A Literacy of the Imagination

a deeper look at innovation through the lenses of media, technology, venture investment and hyperculture

Lost Angeles: Aliens, Earthquakes, Tsunamis & Sheen-Like Superegos... A Transmedia Mythology #BattleLA

The textual backdrop.

I live in Lost Angeles.

The phrase was coined by a host of prolific and underground artists – the likes of Henry Rollins, Greg Graffin, David Hockney and others – who saw the corruptibility of a marshland and its broken dreams a stimulant of sorts, as well as a means to manufacture a new life.

Chief among them is Norman Klein, who in his landmark book first released in 1997, The History of Forgetting, describes Lost Angeles as a series of myths culminating in a forbidden territory, a violent land masked as an entertainment mecca – anything but a real place with historical roots where people live and are in constant need of better living conditions and better lives overall. Klein wonderfully illustrates how sensationalist constructions of LA gain dominance and displace memories of lived experiences. He goes on to argue that instability in white hegemony has led to overreactions in public policy, urban planning and police practices (remember O.J. Simpson, Rodney King and the LA riots?), and these overreactions find expression in the built world as freeways, demolished homes and decimated public transportation systems.

He concludes that once the material landscape is altered, memories lose their symbolic cues and history itself adapts to the dominant stories of urban growth or destruction, but very little if anything in between.

Lost Angeles: Aliens, Earthquakes, Tsunamis & Sheen-Like Superegos... A Transmedia Mythology #BattleLA

A revisionist life. An active mythology on steroids. The kind of culture one would find in a giant petri dish. And the associated delusions of glazed, manufactured, neon opportunity that rinse over the senses of anyone who will buy them for cents on the dollar.

For now, let’s just call this reality... imagination.

Mythic reality: (re)introduction of phenomena.

I sit here writing this as the local and national news show clips of a massive Japanese earthquake that struck in the wee hours, Pacific Standard Time. Almost immediately, the news outlets go haywire and platforms like Google step up to offer a helping hand as communication lines go silent.

Lost Angeles: Aliens, Earthquakes, Tsunamis & Sheen-Like Superegos... A Transmedia Mythology #BattleLA

This is a tragedy of epic proportions. A tsunami has swept through many coastal and rural areas with unprecedented force. People, cars and buildings topple and break like matchsticks. Fires sweep the countryside and urban centers. Newscasters wear helmets at their desks for fear that the roof above might cave in.
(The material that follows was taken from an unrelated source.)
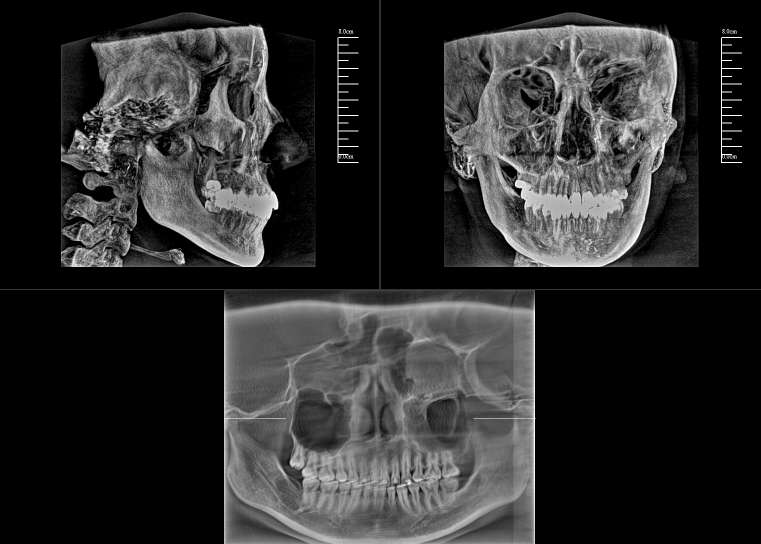 數字化口腔CBCT影像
Shortly thereafter, those of us here on the west coast – Southern California in particular – are issued a tsunami warning. I live by the coast. My mother lives next to a harbor. I’ve been through warnings like these (and false alarms) before. But this should get interesting. There’s a bigger story here, and a timely one at that.

The myth of signs.

Just this week, I’ve witnessed some things that are not only strange, but downright eerie and of Biblical proportions.

First, there was a sudden spell of fish that mysteriously died in Redondo Harbor. Then, legislation was passed – after 15 years mind you – ordering the county to take action on the storm drains polluting our local beaches. Then, rumblings about Navy activity “protecting something off of our coastline”. Then, something I have never seen in my life, something so magnificent and frightening: A foggy, cloud-like formation with beautifully organized holes like Swiss cheese, hovering above San Clemente island... Smack dab in the middle of a sunny, virtually cloudless, oceanic horizon.

I am not making this up, nor am I mentally unstable (well, insofar as I’ve been told). Here is a photo of the foggy cloud-like formation I just described, taken by my girlfriend on Wednesday, March 9, 2011 (the same day that the news broke about the dead fish). Look closely at the center of the photo.

Lost Angeles: Aliens, Earthquakes, Tsunamis & Sheen-Like Superegos... A Transmedia Mythology #BattleLA

Allegories we might question, but there are still truths hidden within lore and conjecture.

The myth of government conspiracy.

Sure enough, there has been something going on above San Clemente island for quite some time, a curious story about an ex WWII fighter pilot who has been tracking unusual Navy activity off the coast... Even more curious that this story is more or less buried in the search engines (conspiracy theories aside, and in case you didn’t know, Google has a partnership with the U.S. Government).

To boot, back in November a news story ran briefly on a "mystery missile launch off of the California coast." When I say it ran briefly, I mean that it circulated for about 12 hours and then dropped off the media radar. Poof... Just like that.

Media & narrative form a definable mythological trail.

Amid this paranormal landscape are all the movie posters for Battle: Los Angeles. Posters depicting alien domination, replete with crop-circle like explosions rising out of the ocean and long, distending plumes of artillery smoke stretching across the city basin... All illustrated in key art using the same location where I saw the cloud-like formation on Wednesday...

Lost Angeles: Aliens, Earthquakes, Tsunamis & Sheen-Like Superegos... A Transmedia Mythology #BattleLA

Oh, and did I mention that


is 3.11.11? (Do not forget that the tsunami warning was issued this morning...) Hmmm, some dots are really starting to connect. Here's a video posted in 2006 on the 1942 battle between the military and an "alien presence above Los Angeles".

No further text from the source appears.